Statistical Inference
How confident are we in our conclusions? Statistical inference provides tools for testing hypotheses about parameters and comparing models.
| Test | What it tests | When to use |
|---|---|---|
| t-statistic | Is a single parameter different from 0? | Testing individual coefficients |
| F-statistic | Do multiple parameters together improve the model? | Comparing nested models |
Key insight: When testing a single parameter, \(F = t^2\). The F-test generalizes the t-test to multiple parameters simultaneously.
t-Statistic
Intuition: Signal-to-noise ratio for a single coefficient. How many standard errors is the estimate from zero?
- \(|t| > 2\) roughly corresponds to \(p < 0.05\)

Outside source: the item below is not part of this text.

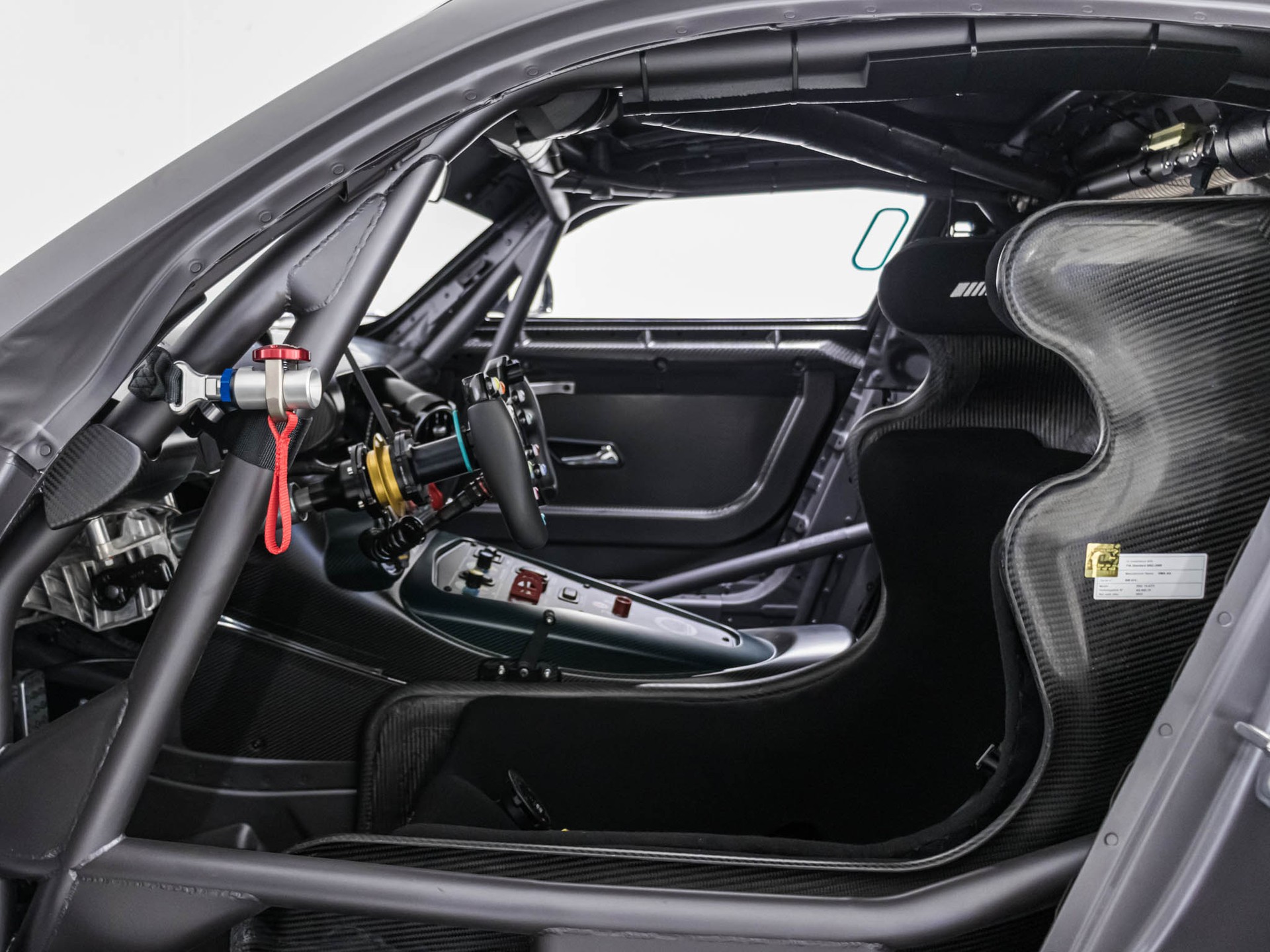 MERCEDES-BENZ AMG GT 2 PRO-image-6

- Larger \(|t|\) = stronger evidence the coefficient isn’t zero
F-Statistic
Intuition: Is the error reduction “worth it”? The F-statistic is a ratio:
- Numerator: Error reduction per added parameter
- Denominator: Remaining error per observation (adjusted for parameters)
If the added parameters help, \(F >> 1\).
p-value
Intuition: If there were truly no effect, how surprising would our result be?
- Small \(p\) (e.g., < 0.05): result is unlikely under the null → reject \(H_0\)
- Large \(p\): result is compatible with the null → fail to reject \(H_0\)
- NOT the probability the null is true
- NOT the probability of replication
- NOT a measure of effect size
Confidence Interval
Intuition: A range of plausible values for the true parameter. If we repeated the study many times, 95% of intervals would contain the true \(\beta\).
- If the CI excludes 0, the coefficient is “significant” at that level
- Wider CI = more uncertainty
Summary
| Category | What it does | Key formulas |
|---|---|---|
| Aggregation | Summarize a variable | Mean, Median, Mode, Variance, SD, SE |
| Relationships | Measure association | Covariance, Correlation |
| Linear Model | Predict outcomes | OLS, Residuals, \(\hat{\sigma}^2\) |
| Model Fit | Evaluate model quality | PRE, \(R^2\), Log-lik, AIC, BIC |
| Inference | Test hypotheses | t-stat, F-stat, p-value, CI |
The workflow:
- Specify → What’s your model? (Design matrix \(\mathbf{X}\), outcome \(\mathbf{y}\))
- Estimate → Fit parameters (\(\hat{\boldsymbol{\beta}}\))
- Evaluate → How good is the fit? (\(R^2\), AIC, BIC)
- Compare → Is complexity worth it? (PRE, F-test)
- Infer → What can we conclude? (t-tests, CIs, p-values)